There are certainly some life reasons for this. Lots to get done on a tight schedule today, for one. It’s also been jarring to go from a busy, full household to an empty one so suddenly. Normally, that would feel normal, jumping from a houseguest to the next thing, no problem, but I think this past year has done a number on me. I’ve been in quarantine so long, socializing is a big deal now!
I’m starting to feel like a creature coming out of a dark cave after hibernation- I can’t stop squinting into the light!
I am a true introvert- a shy introvert at that, believe it or not- but I love people and wanted a big life, so I taught myself all the tips and tricks I could to get comfortable in social situations. I read books as a kid about being a good conversationalist (yep, I’m a nerd!), I balance my time out with my quiet time in so I don’t get burned out, I have a super extroverted husband I can count on to help carry the conversation when we are together, etc.

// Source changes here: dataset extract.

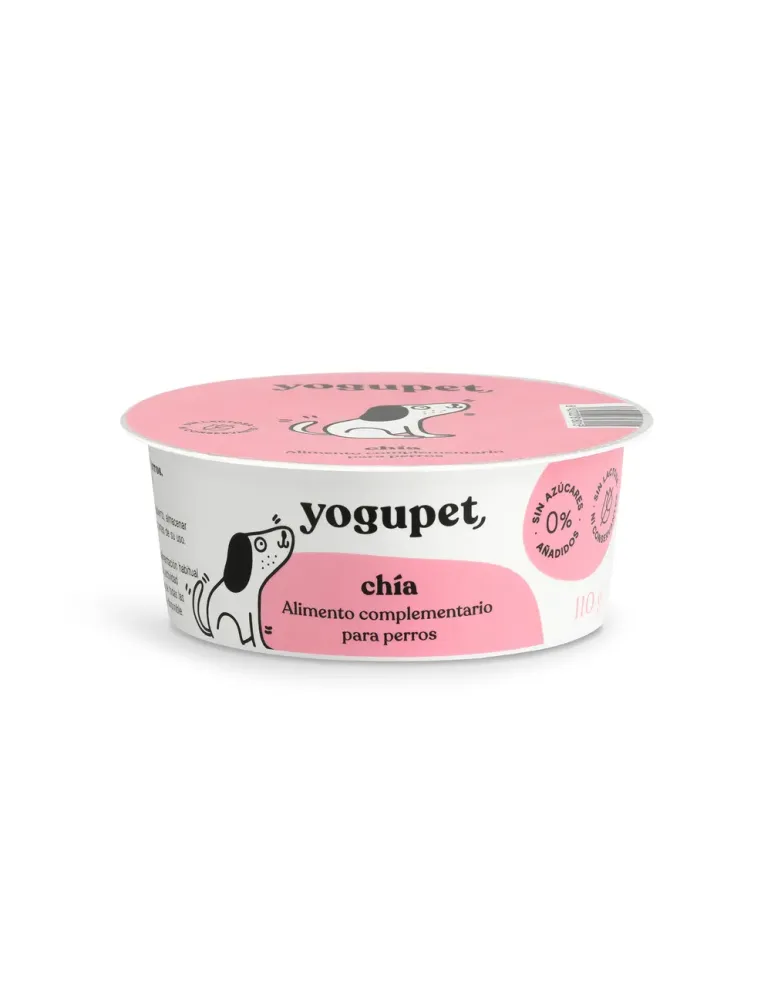 Yogupet chía alimento complementario para perros, tarrina blanca con etiqueta rosa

I am genuinely fascinated by other humans (or I wouldn’t love acting so much), so I lean into that when I’m socializing. It’s a myth that all introverts are super quiet or hate being social- most of us just hate the banality of small talk.
My point is that I worked hard to get comfortable being very social, and I’ve never in my life just… stopped for a long time. It’s clear to me that some of these skills are muscles that need exercised regularly. It might take me awhile to get back into normal social shape!

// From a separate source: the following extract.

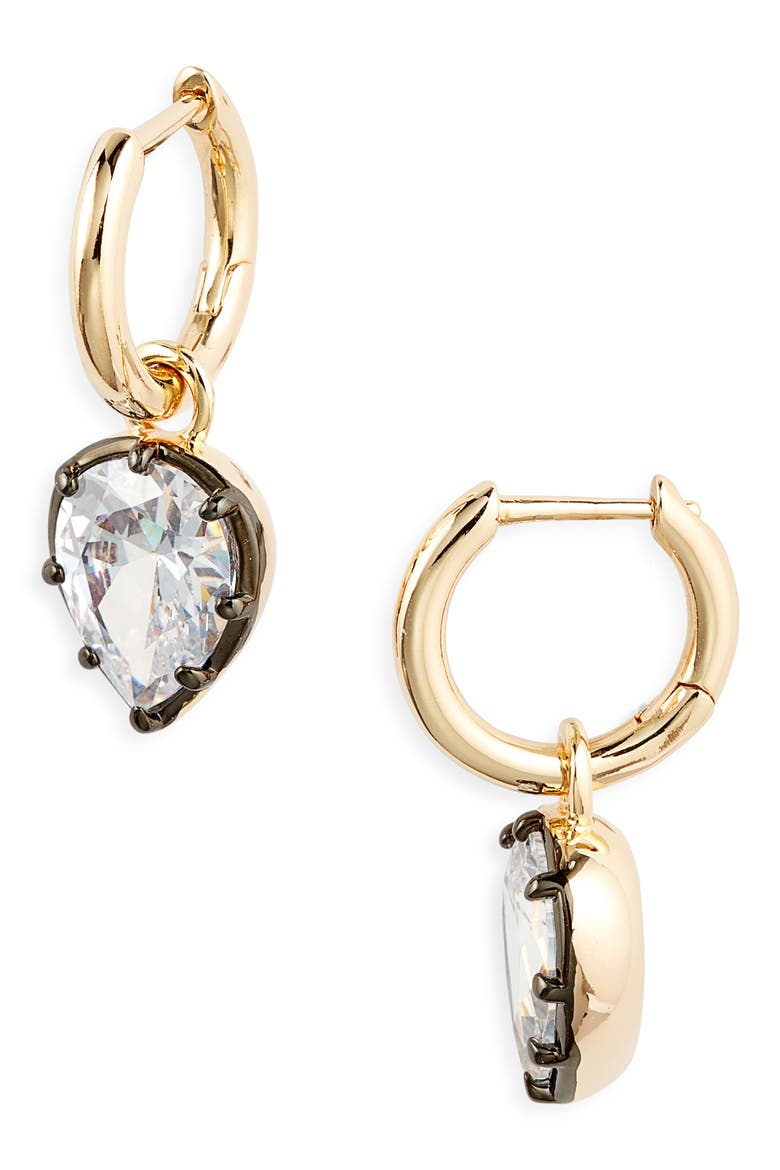 Georgian Charm Hoop Drop Earrings, Main, color, CLEAR- BLACK- GOLD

A lot of my friends have discussed feeling this way, too, even the more extroverted ones. I went to a dinner not long ago with a few close friends- one I’ve known half my life!- and we laughed the whole night about how awkward we were all acting. Even my friend who was just visiting- the one I’ve known since I was twelve? I found myself losing the thread of the conversation with her more than once, like my brain just got tired of focusing on whatever we were saying.
It was weird!
So, what I think is happening now is that I’m just completely mentally wiped out from a very short, simple visit from a friend. Normally an evening alone would have restored my mind and reset my need for “alone time,” but now it’s like I need days and days of it. Thinking about running around today, to various appointments, Zoom calls, attending a virtual play, etc- I got overwhelmed somehow, like I wasn’t ready for life to start again.

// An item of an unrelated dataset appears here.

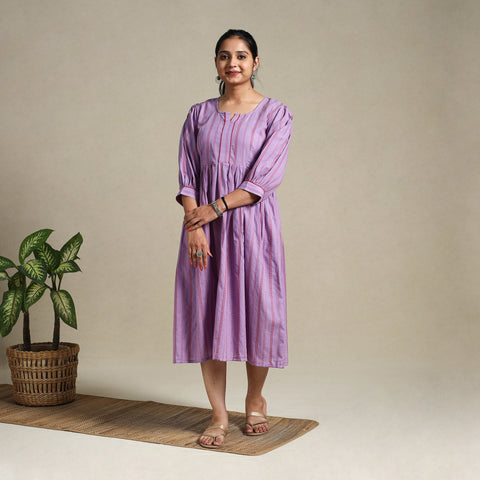 Purple Flared Cotton Jacquard Dress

Maybe, in general, I’m also a bit panicked about the bigger picture- life actually starting again. I’m so excited about so many things, but I think I’m aware on a deeper level that it won’t just be like flipping a switch. There are going to be some growing pains as the world starts up again. I won’t necessarily just be able to jump in full speed, however much I want to do that. There are mental health considerations here, likely for a lot of us. We will need to be a bit gentle until we get used to a steady flow of activity and social situations again.
To bring it back around the circle, I relearned a lesson I already learned: meditating during the day in a focused way helps my anxiety immeasurably. Those sleep meditations are nice, but they don’t do the same thing for my brain that a regular meditation does. I should not sacrifice those too often.
I can always meditate twice if I want to do a sleep one, too!
Love yourself, be gentle, be kind, friends!